Understanding absolute value is crucial when solving equations like \(|4 + 3x| = 1\). The absolute value of a number represents its distance from zero on a number line, regardless of direction. So, \(|-3| = 3\) and \(|3| = 3\). Absolute value expressions can be split into two separate linear equations to account for both positive and negative scenarios.
In our exercise, \ |4 + 3x| = 1 \ becomes two equations: \4 + 3x = 1\ and \4 + 3x = -1\.
To solve these equations, we handle each case separately.

Linear equations are equations where the variable, in this case, \( x \), is raised only to the power of 1. They take the general form \( ax + b = c \).
In our specific problem, we have two linear equations to solve:

• 4 + 3x = 1
• 4 + 3x = -1

By solving these, we will find all possible values of \(x\).

To solve the equations, we follow a systematic approach. Let's start with \(4 + 3x = 1\).

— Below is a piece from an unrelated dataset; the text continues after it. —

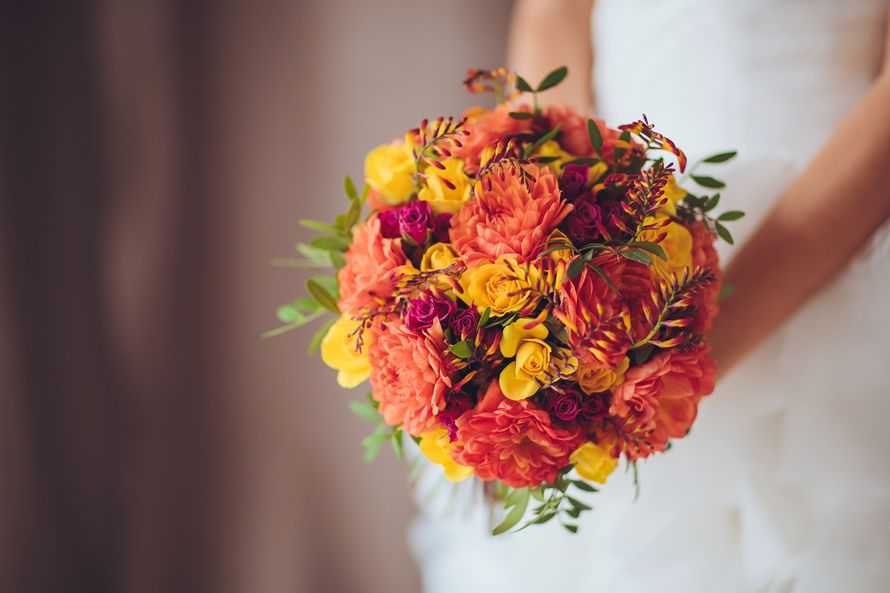 Осенний букет невесты 2021: цветы для свадебной композиции + фото модных вариантов на сентябрь, октябрь и ноябрь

• Subtract 4 from both sides: \(3x = 1 - 4\).
• This simplifies to \(3x = -3\).
• Finally, divide by 3: \(x = -1\).

Next, solve the second equation, \(4 + 3x = -1\).

• Subtract 4 from both sides: \(3x = -1 - 4\).
• This simplifies to \(3x = -5\).
• Finally, divide by 3: \(x = -5/3\).

By combining these steps, we find both solutions for the original equation: \(x = -1\) and \(x = -5/3\).